Debris from Japan should start to arrive in the United States and Canada late this year or in 2013 following normal ocean currents, say other OSU experts who are studying this issue. When they do, some aspects of them might be dangerous – a half-filled, floating, sealed bottle of a toxic chemical, for instance.
Meanwhile, an expedition based in Hawaii was launched to track the drift of tsunami debris is using remote sensing to compare the actual event to computer predictions of the trajectory while improving officials ability to warn residents about impending landfall.
The tsunami that followed on the heels of the March 11, 2011, earthquake in northern Japan produced as much as 25 million tons of debris. Much of the debris was swept into the ocean.
What stayed afloat drifted apart under the influence of winds and currents, most of it traveling eastward.
The debris’ composition and how much is still floating on the surface are largely unknown.
One thing is certain, University of Hawaii researchers say: the debris is hazardous to navigation, marine life and, when washed ashore, to coastlines.
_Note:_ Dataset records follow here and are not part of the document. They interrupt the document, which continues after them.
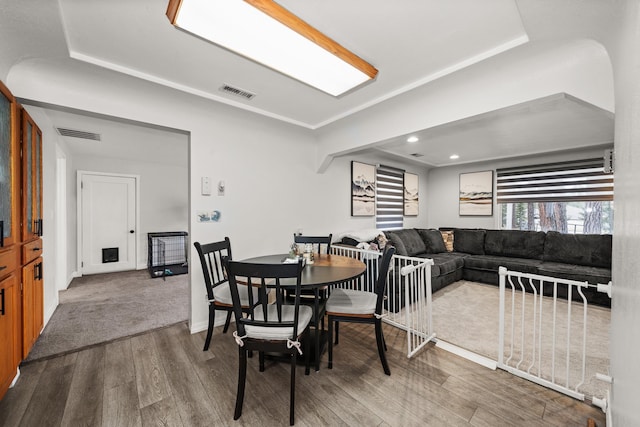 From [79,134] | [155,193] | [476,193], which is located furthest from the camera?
[155,193]

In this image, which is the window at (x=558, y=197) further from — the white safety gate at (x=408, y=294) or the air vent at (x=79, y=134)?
the air vent at (x=79, y=134)

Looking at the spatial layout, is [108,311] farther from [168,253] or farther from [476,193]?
[476,193]

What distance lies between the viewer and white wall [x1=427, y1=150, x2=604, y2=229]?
17.1 ft

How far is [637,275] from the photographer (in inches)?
31.7

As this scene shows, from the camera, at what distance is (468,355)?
2.21m

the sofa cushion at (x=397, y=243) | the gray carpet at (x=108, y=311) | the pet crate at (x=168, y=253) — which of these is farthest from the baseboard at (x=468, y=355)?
the pet crate at (x=168, y=253)

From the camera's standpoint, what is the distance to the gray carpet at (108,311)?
246 centimetres

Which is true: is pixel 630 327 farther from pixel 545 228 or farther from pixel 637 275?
pixel 545 228

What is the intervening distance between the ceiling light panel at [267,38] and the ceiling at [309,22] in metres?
0.10

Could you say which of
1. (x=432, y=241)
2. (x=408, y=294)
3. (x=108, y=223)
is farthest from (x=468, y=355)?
(x=108, y=223)

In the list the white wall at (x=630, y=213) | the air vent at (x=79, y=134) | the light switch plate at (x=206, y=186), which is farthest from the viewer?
the air vent at (x=79, y=134)

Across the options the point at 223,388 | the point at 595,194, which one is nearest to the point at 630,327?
the point at 223,388

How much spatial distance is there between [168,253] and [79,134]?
9.33ft

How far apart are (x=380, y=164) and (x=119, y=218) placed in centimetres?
539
To track where this debris is headed and provide appropriate warnings, a team of scientists and conservationists from the University of Hawaii’s Manoa and Hilo campuses, Scripps Institution of Oceanography and the Ocean Recovery Alliance quickly created a plan to survey the debris field and mark it with satellite-tracked drifting buoys.
The team launched an expedition at the end of November 2011 from Honolulu to Midway Atoll and beyond.
Armed with equipment shipped from California by Horizon Lines, navigational software provided by Nobeltec, a computer model of probable trajectories and observations of actual debris by Russian training ship crew, the team surveyed the probable pathways of tsunami debris moving toward the Northwest Hawaiian Islands.
The expedition deployed 11 drifting buoys, designed to simulate the motion of different types of debris, in a line between Midway and the leading edge of the tsunami debris field. Data from these satellite-tracked drifters, used in conjunction with computer models, allow remote monitoring of the movement of the debris field, giving scientists and operational agencies a better awareness of the status of the debris field and of the region’s current system.
Four hundred numbered wooden blocks were also deployed along the route, often near floating objects. Boaters, fishermen and beach-goers who find the blocks and contact the scientists as instructed on the blocks will help increase understanding of the motion of debris and currents in this remote region.
Among the most important results of the expedition to date is the recognition that tsunami debris has recently not advanced towards Midway, but instead has been flowing eastward well to the north of the atolls. Analysis of the ocean-current field shows why. In recent weeks, the general flow around all Hawaiian Islands has been from the southwest, producing a front located 300–400 miles northwest of the Midway. This front and associated northeastward jet keeps the tsunami debris north of the islands…at least for the time being.
Although this flow has prevented tsunami debris from approaching the islands, it carries a lot of “ordinary” debris (mainly old plastic) from the oceanic garbage patch located between Hawaii and California. The expedition documented 175 such objects, many photographed and collected for more thorough laboratory examination.
The sightings of non-tsunami debris match reports at Kure and Midway Islands of items washing up on the southern beaches of the atolls. Some of the items could be tracked to the main Hawaiian Islands. Systematic examination of the samples (including water samples) has not revealed any significant radiation.